I have always found solace in the outdoors. Growing up in suburban Tampa, Florida, would seem a hard place to find wilderness, but it was there if you knew where to look. Barefoot, with cutoff jeans and no way for anyone to know where I was, I’d venture out into the swamps along the Hillsborough River in search of a place to quiet my mind. I’d come home hours later, covered in mud and bug bites.

This Sunday morning, I woke around 5 a.m. to see the sun reflecting off the trees, after days of gray and rain. I slipped into my clothes, complete with hooded anorak and bug net. I set off across our dew-covered fields, quickly soaking my pants in the waist-high grass before stepping over the barbed wire and into the neighboring woods we have permission to hike in.

It’s a place I often explore in winter but when the undergrowth and bugs become too much, I usually avoid it. I have always wondered what these woods look like in early summer, so I decided to explore. As in my childhood, I felt the need for an adventure.

The ground was spongy, though I couldn’t see it below the ferns carpeting the forest floor. I was only vaguely aware that I was being followed by a cyclone of mosquitoes swirling and humming around my head and back — I’ve kind of gotten used to them.

My boots slurped, sucked and sloshed through a boggy section before I found a deer trail that I followed until I came to higher ground. Large oak, maple and poplar trees reached up to a blue sky.

I walked with no destination in mind. A family of ruffed grouse launched from the ground in front of me. The woods were alive with bird calls, though, through my bug net, they were really just shapes.

I made my way to the edge of our neighbor’s property. The larger trees made the woods more open. I paused and tried to listen and watch and let go of all the lists and chores and tasks waiting for me back at the farm.

It’s easy to feel overwhelmed during the farming season. Heather-Marie and I have learned the importance of “getting off the farm,” even if it just means stepping over a fence.

Being a farmer (I still marvel that I can call myself one), my connection to the land has become more than just a place to find peace; it has become a relationship that my wife and I rely on for our sustenance and livelihood. The connection has become one of stewardship and interdependence.

But in the past month, it has also felt like one of helplessness.

As we noted in an update we shared with the members of our weekly vegetable delivery business, the unpredictable weather and heavy rains have threatened our crops and challenged us to look at how we farm and care for our soil. We are learning, but we’re not there yet.

To the north and to the south of us, rains have devastated farms, homes and communities. A slight change in the path of a storm and our farming season would have been over.

This week, the forecast suggests a break in the persistently rainy weather pattern, but we have learned to not trust forecasts.

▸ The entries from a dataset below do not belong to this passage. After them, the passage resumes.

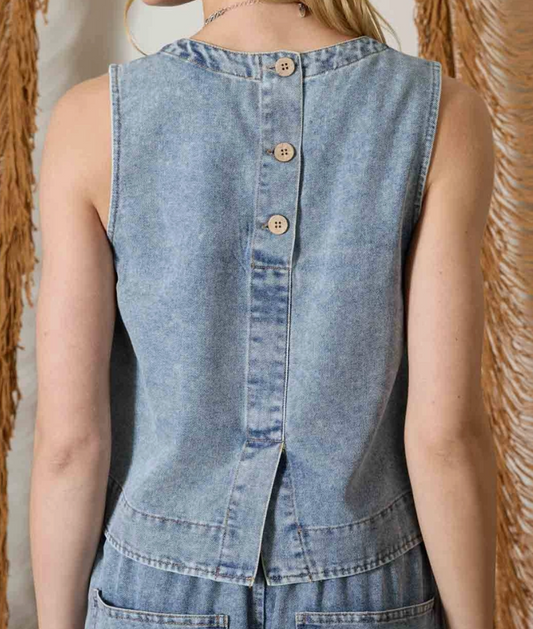 Easygoing Denim Tank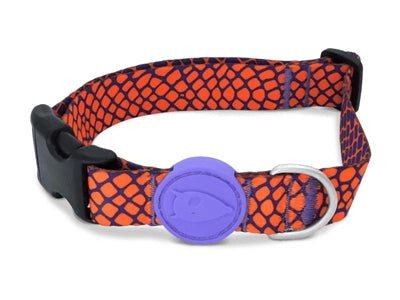 Morso Halsband Hond Gerecycled Urban Lizard Rood - Best4pets.nl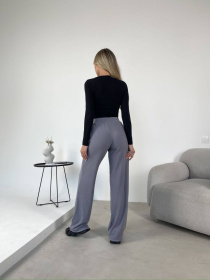 Жіночі штани із ангори з кишенями, Графітовий Uaclothes (like15822) модель like15822-grafitovj Фото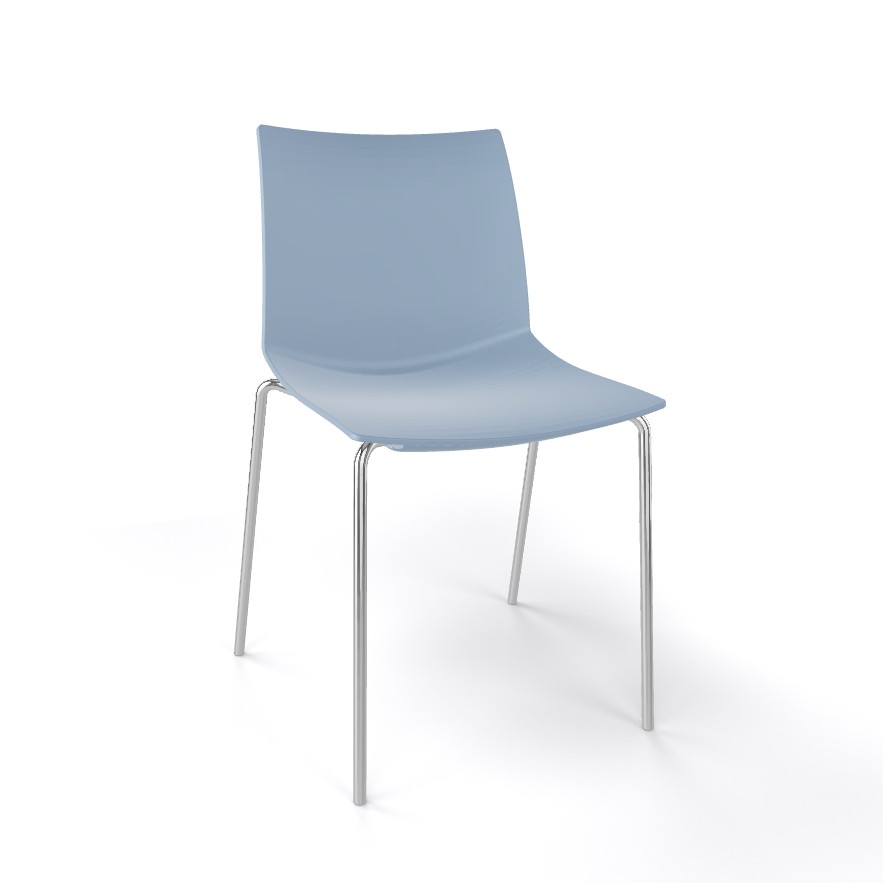Główna galeria - Krzesło kawiarniane KANVAS NA firmy GABER - Made in ITALY - Jasno Niebieskie (2)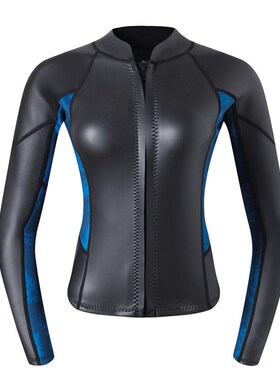 2023年潜水分体长袖上s衣浮服男女冲浪保暖防寒防白色短裤氯丁橡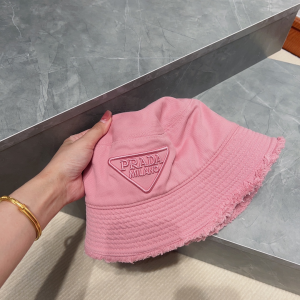 Prada Fabric Bucket Hat Pink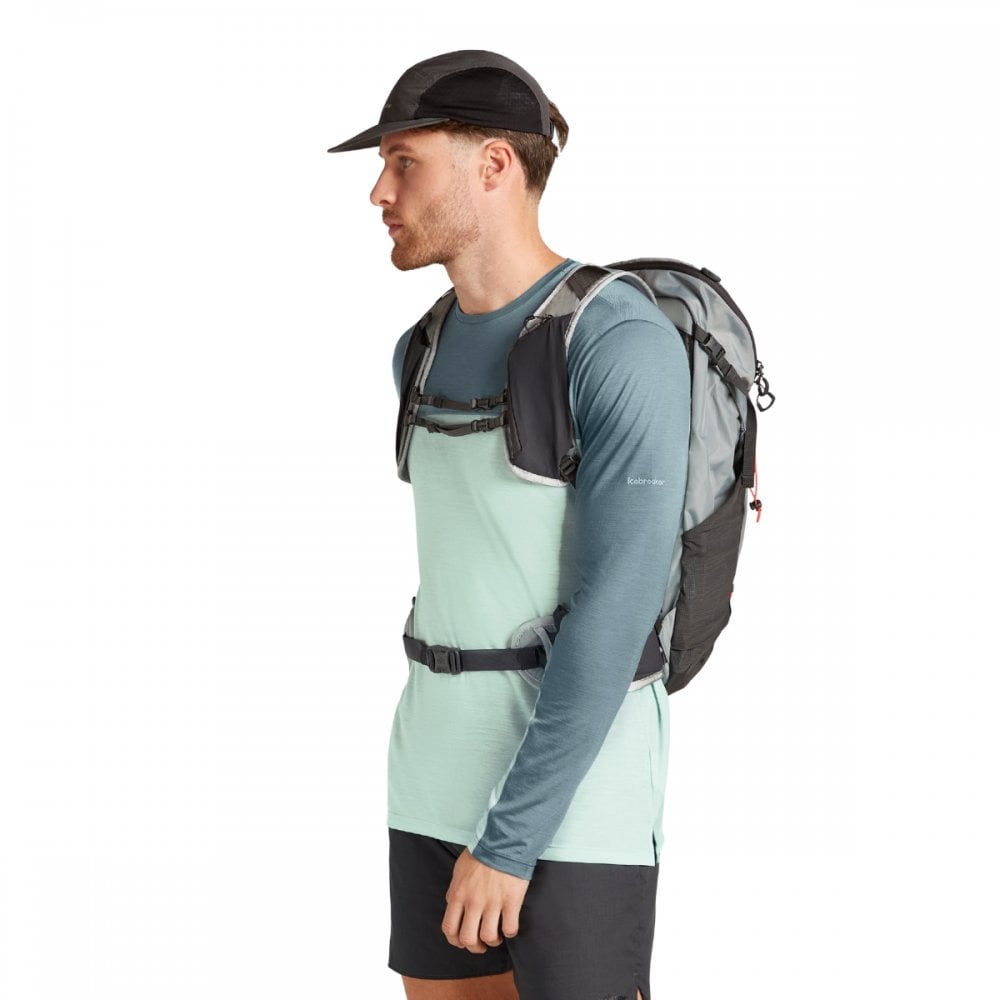 Mens Merino Blend 125 Cool-Lite™ Sphere Long Sleeve T-Shirt Colour Block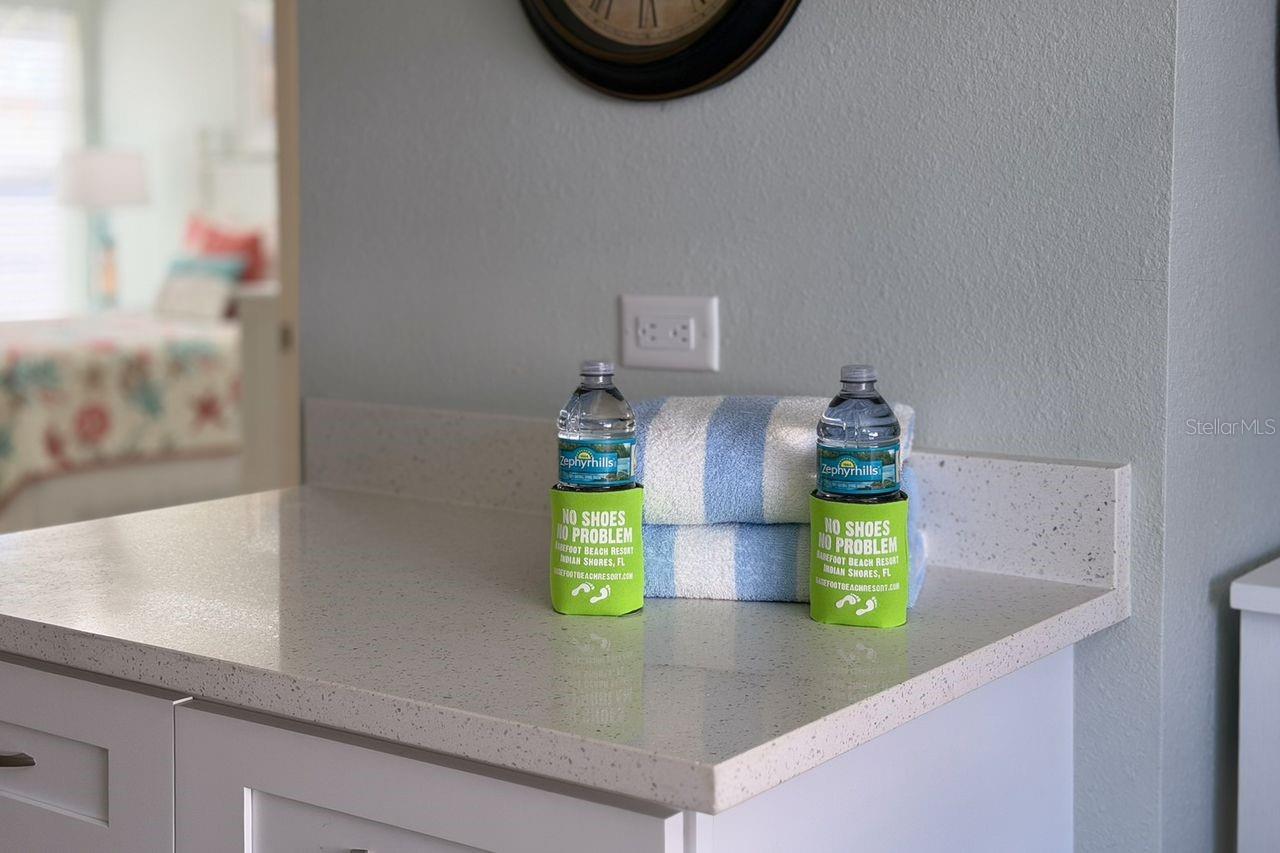 Extra storage in the foyer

Our greenhouse is bursting with plants that must get into the ground. Our soil remains saturated. And our minds are never far from wondering and worrying about how it will go.

I stood there in those woods — the

angry mosquitoes looking for a way to get through my layers — and tried to enjoy the morning. But I’m not very good at turning off my brain.

I retraced my steps and returned from my walk, my pants saturated with water. I stood by the field as the sun crept above the low-lying clouds.

The tree swallows, barn swallows and bluebirds were feasting on an all-you-can eat buffet of mosquitoes. Soon they will fledge their young and be on their way until next season.

UMD journalism professor John Hatcher and his wife, Heather-Marie Bloom, operate Rising Phoenix Community Farm outside of Barnum. It’s a Community Supported Agriculture farm. Contact John at [email protected] or visit the farm webpage: http://www.risingphoenixcommunity farm.com.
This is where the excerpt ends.